Strategy to asset allocation
Hi all,
I’m currently in an allocator / FoF investment analyst seat at a smaller investment firm, focused on manager research, portfolio monitoring, and investment due diligence.
I’m considering moving to a much larger traditional asset manager in an investment analyst role tied to a specific strategy/platform. The role is not a pure research analyst seat, but it seems highly portfolio-focused: understanding strategy positioning, performance drivers, attribution, macro/market impacts on the book, and working with investment directors / PM teams to explain the portfolio to clients and internal stakeholders.
There may be some RFP / product-related work, but from the interview process, the role sounded much more analytical and portfolio-facing than commercial. The more senior path may eventually involve more client/business development exposure.
My question: would this kind of move make it harder to return to an allocator / manager selection / investment diligence seat later, or is the experience still viewed as relevant? I’m trying to understand whether this is seen as staying within the investment track, or as moving too far into product/investment specialist territory.
Any perspective from people who have moved between allocator seats and asset manager investment/product roles would be helpful.
Thanks.
Same boat
Seems like a few people were in a similar situation. Did you end up making the move?
Bump
Did you get your current seat out of college or networked your way into a seat. Currently at a startup but I did manager research for a year and half, then did equity research for two and have had zero luck trying to get back into manager research
Why would you want to leave ER for a fund of hedge fund
Is your long term goal to stay at an allocator, doing manager research and/or asset allocation work, to eventually move toward CIO, CPM type job, or to an asset owner as part of their team? Maybe to a large consultant?
The role you are looking at is a gray area in my view - the best case is that the 'relevant' experience you get is either deeper asset class experience, from the manager perspective, that you'd bring back to a manager research/allocation role that covers that asset class. You may also be better equipped - say it's fixed income related - to move back into an allocator role, where you can more readily make decisions on allocations to, and within, the fixed income sleeve of a portfolio.
Long post short - it's more of a detour that probably doesn't exclude you, but doesn't really help you much if you are set on the allocator career path long term.
Thanks a lot, this is helpful.
I agree with you that it is a bit of a gray area. To give more context, the move is less about wanting to leave manager research as a function, and more about the specific platform and team I am currently in.

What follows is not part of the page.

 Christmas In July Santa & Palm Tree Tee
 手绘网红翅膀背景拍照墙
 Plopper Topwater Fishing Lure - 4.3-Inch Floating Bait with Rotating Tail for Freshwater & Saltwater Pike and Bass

I actually like the allocator seat. I enjoy the macro, market, and manager discussions, and I could see myself doing this longer term. The concern is more that my current seat is at a smaller, no name boutique fund of hedge fund, mainly focused on LO boutiques, with an emerging markets angle. The team I work with has a pretty qualitative process, for lack of a better word, and it generally feels less technical / formative than I would have expected. It also seems like the firm itself does not have much brand value if I want to move to a more institutional allocator, E&F, asset owner, or consultant later on. I have tried recruiting toward some of those seats, and it did not seem like they were very receptive.
So I guess I’m trying to assess what doors this move would open or close. One of those doors is manager selection. I’m trying to think through whether moving to a much larger asset manager, in a role that seems more focused on portfolio positioning, performance, attribution, market/macro drivers, and working with PM/investment teams, could still keep the allocator route open later, even if the role is technically closer to an investment/product specialist seat.
Appreciate the perspective. I know it’s a bit messy, but that’s the trade-off I’m trying to underwrite.
Got it - that's really helpful context. My bias, and it's the optimistic one, would be that you are earlier in your career, and the networking effects + larger asset manager brand/platform + experience in what I personally think is a really interesting/exciting role to be in - creates more options for you than where you are. If you get into a firm that is supportive, cultivates talent, and has a variety of businesses/strategies - that could be a good path for you.
It doesn't kick open a manager research door - but like I said, it doesn't slam it shut. If that AM has an OCIO business - you could angle yourself toward that, as you now have manager research (from the Hedge FOF) + asset class/direct investing strategy experience + all the other items. I've seen colleagues and friends move from that type of role, to a plan sponsor directly (i.e. pension fund or endowment fund) in a variety of roles like you described.